If we made a Noobie sign-up and orientation experience that was completely tailored to our needs, then had links to all the other Orientation experiences that everyone else has made around Second Life, then that could become a set of guidelines that we could write up and deliver to JISC as suggested way for other colleges to tackle the Noob/induction problem. We can do our own sign-up process via the Registration API, and this gives the option of plonking your Noobs in a specific location. This might be an important part of Phase 2, where we might want cross institution sign-ups to the big competition (complete with legal and ethical disclaimers) and re-direction to an orientation experience where we can lurk and gather evidence. Maybe. Phase two is too far off to be thinking about yet.

I have a reason to blog at last

Having failed to get into the habit of blogging with my previous attempt, the cubistscarborough blog, I finally have a reason to share my thoughts.
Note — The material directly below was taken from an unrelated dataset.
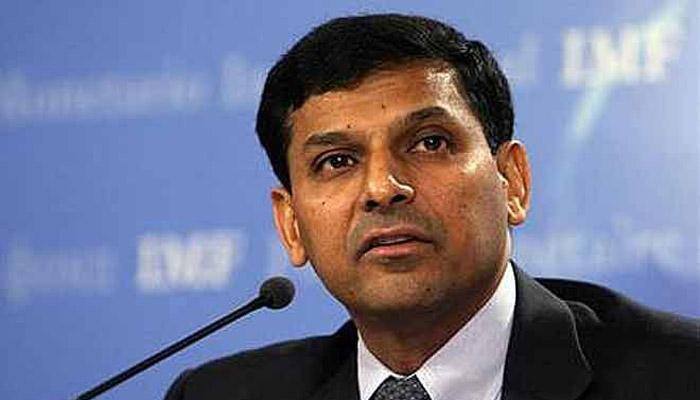 Current growth rate reflects hard work of government: Raghuram Rajan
I am part of the 'Habitat' project, which is looking at user generated content and social presence in multi-user virtual environments. This project is a partnership between Oxford University (who are leading the project), Leeds Metropolitan University (where my colleague and fellow team member, Graham Hibbert and I teach), and Kings College London. I intend to use this blog to spill out half-formed ideas about the project, as a way of formulating my thoughts and sharing them with the team.